Problem details: Transcribe the listing verbatim. Do not carry over any pictures.

* * * * *

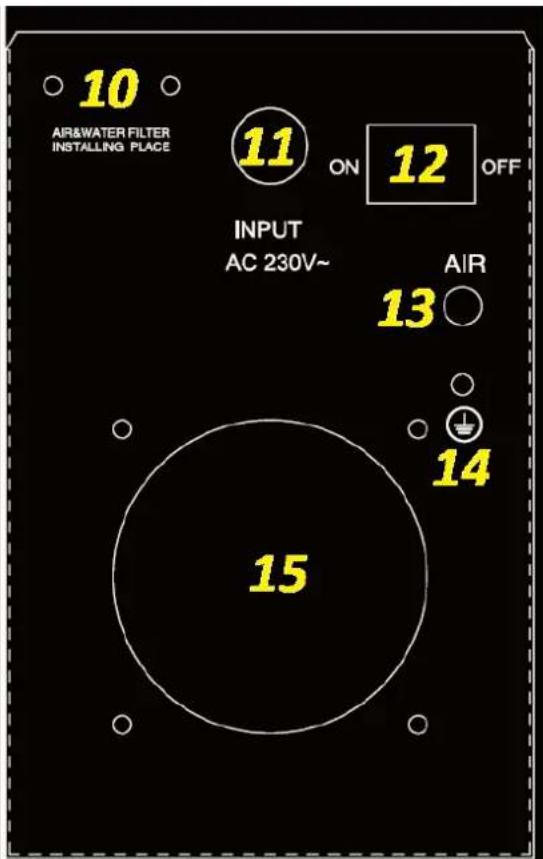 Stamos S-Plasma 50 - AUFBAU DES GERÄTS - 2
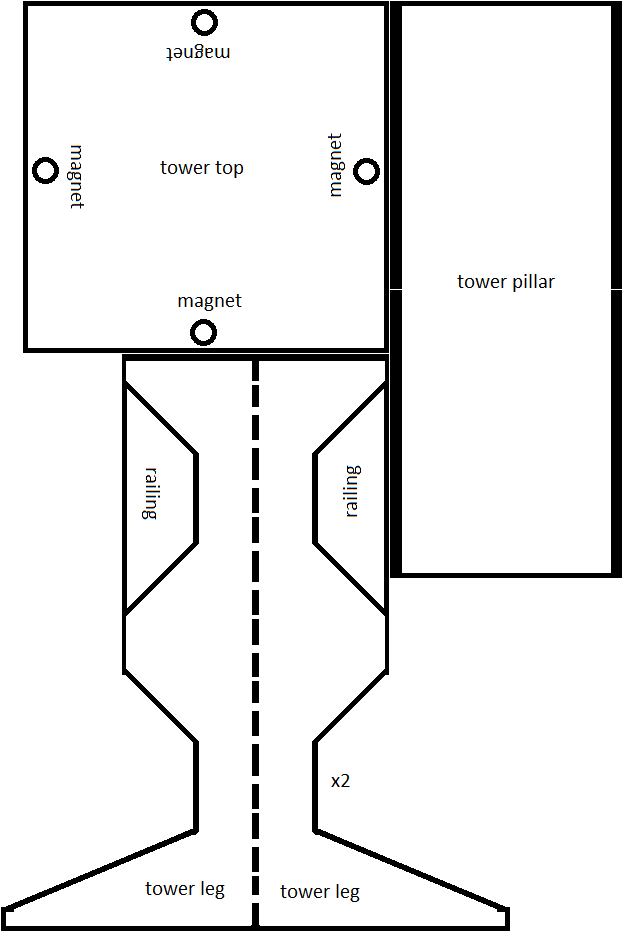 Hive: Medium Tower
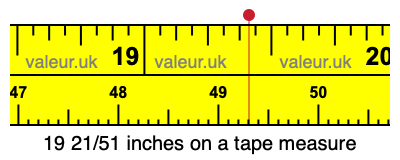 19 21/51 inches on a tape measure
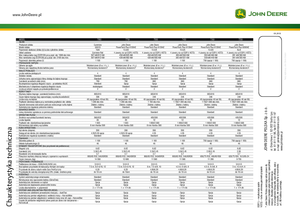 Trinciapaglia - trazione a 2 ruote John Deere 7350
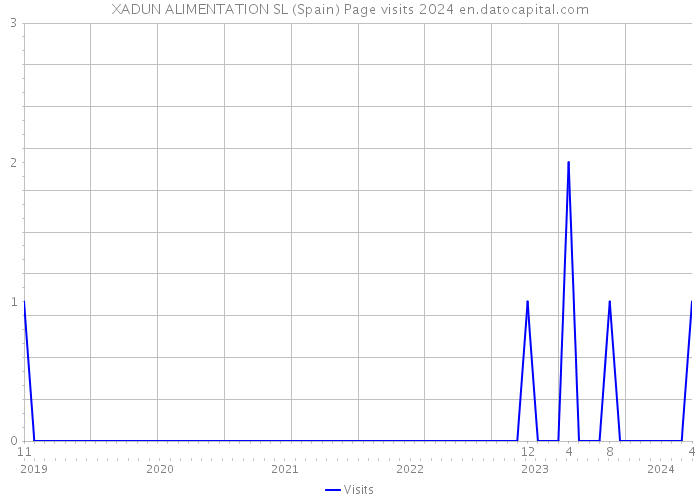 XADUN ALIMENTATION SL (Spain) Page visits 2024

* * * * *

Exercise solution:
 Stamos S-Plasma 50 - AUFBAU DES GERÄTS - 2
 Hive: Medium Tower
 19 21/51 inches on a tape measure
 Trinciapaglia - trazione a 2 ruote John Deere 7350
 XADUN ALIMENTATION SL (Spain) Page visits 2024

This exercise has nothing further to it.